On May 18th 2018 I got out of bed around 6am walked to our gaming room and found my husband’s lifeless body lying on our couch.
My husband came home from being out with friends all night around 2 am, kissed me on the head, said “I love you”, went to take a shower. When he was done asked me where his uniform was (Army), I told him, he went to the gaming room to get dressed. I was supposed to drive him to work that morning and help him speak to someone about his mental health issues but instead I got out of bed around 5:30AM because we needed to be leaving soon, walked to our gaming room and saw the door shut with the light off. It seemed weird but I figured he fell asleep because he was out all night. So, I opened the door, turned on the light and saw him lying there with a black trash bag over his head. I looked him up and down and my mind couldn’t believe what it was seeing, so, I turned the light off, shut the door and started walking back to our bedroom.
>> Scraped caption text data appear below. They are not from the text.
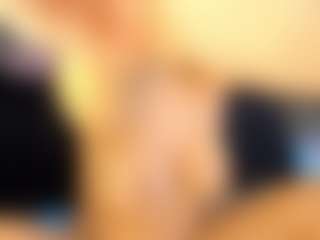 Live cam show with saraycollins - Striptease on Nude Live Now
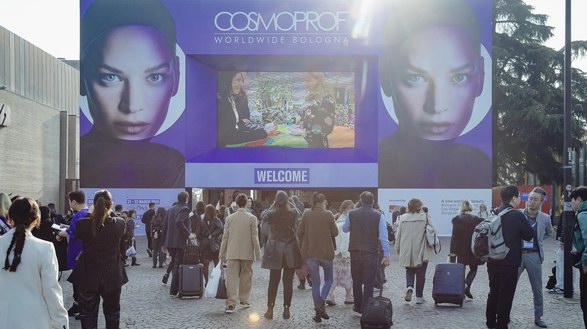 第55屆Cosmoprof卡思曼伯意大利博洛尼亞國際美容展引爆美麗風(fēng)潮！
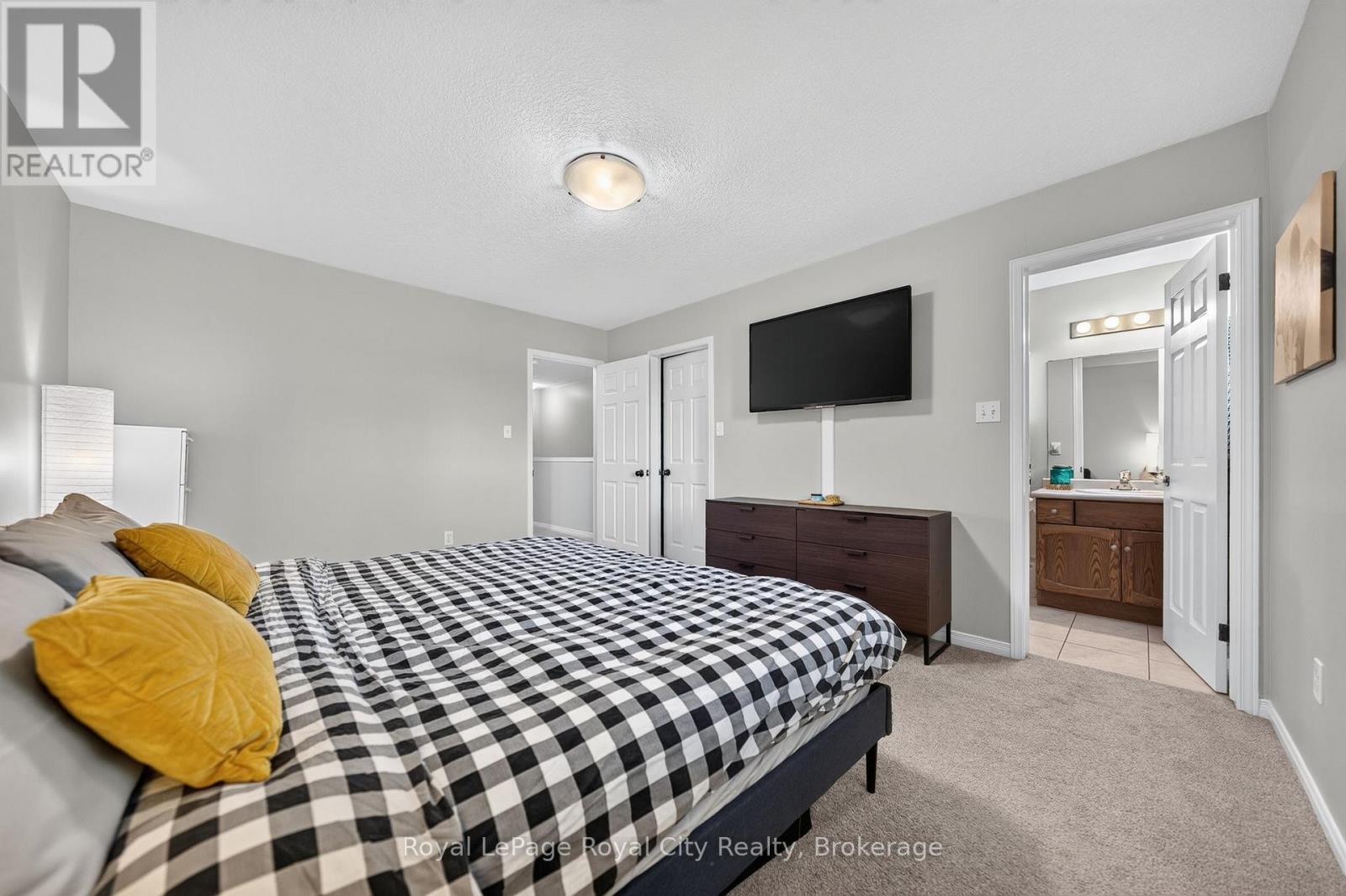 218 Severn Drive, Guelph, Ontario  N1E 0C7 - Photo 14 - X13489770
As soon as my toes touched the wooden kitchen floor, it hit me what I had just seen. A wave of nausea came over me to the point of dry heaving, my knees became weak and I fell, I was screaming but there was no sound. I was finally able to make a sound and all I could say was “I need help”. Our 19 year old son heard me calling for help and came running. I was finally able to call 911 and they wanted me to do CPR on him. I went back to the room and his hands caught my eyes, they were ghostly white and twisted up. I paused for a minute and then ran over to rip the bag off his head, his eyes were half open but empty and his face looked yellow. Our son and I moved him onto the ground and I started chest compressions. The sounds he made still haunt me to this day, 4 years later. When the paramedic got there I immediately ran out of the room and the police officer moved our entire family into my bedroom while they worked on him. I kept hearing the beeping and thought they restarted his heart but it was just the machine making noises as they were trying.
It’s been 4 years and the guilt is still heavier than what I can bear. I shouldn’t have left him alone, I should have got him help sooner, I should have said “I love you too” but I was half asleep and just smiled and turned back over to go back to sleep until time to go. I’ll never forgive myself!